Langit sudah mulai menggelap. Semilir angin menguis helaian anak rambut. Aku dan Haikal sudah puas bermain game di salah satu pusat perbelanjaan ibu kota. Saat ini, kami berdua sedang menunggu dokter Kamil, ayah Haikal yang masih di perjalanan.

"Bunda,"

"Hmmm!"

"Haikal lapar." ucapnya dengan tangan menempel tepat diperutnya.

"Sebentar lagi ya, Sayang. Ayah masih dijalan,"

"Kenapa nggak beli Pizza aja?"

Aku menggeleng,"nggak. Bunda nggak mau mengambil resiko lagi. Nanti ayah kamu marah."

"Ayah nggak akan marah, kok Bun. Ayah kan sayang kita." ocehnya tak mau mengalah.

"Ya, udah. Tapi kita makannya bareng-bareng kalau ayah sudah jemput kita."

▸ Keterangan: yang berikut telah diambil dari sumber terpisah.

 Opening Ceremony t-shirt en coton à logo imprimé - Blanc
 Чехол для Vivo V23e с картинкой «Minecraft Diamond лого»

"Yaaaah!" ujarnya seperti kecewa.

Aku bukannya ingin berlaku kejam terhadap anak ini. Hanya saja, aku sudah pernah dimarahi oleh dokter Kamil ketika awal kami menikah. Aku, membelikan Haikal makanan siap saji. Kukira semuanya akan baik-baik saja. Ternyata, reaksi dokter Kamil sungguh diluar dugaan. Membuatku kapok mengulanginya. Dan dari situlah, aku bersikap lebih berhati-hati lagi terhadap Haikal, juga pada ayahnya.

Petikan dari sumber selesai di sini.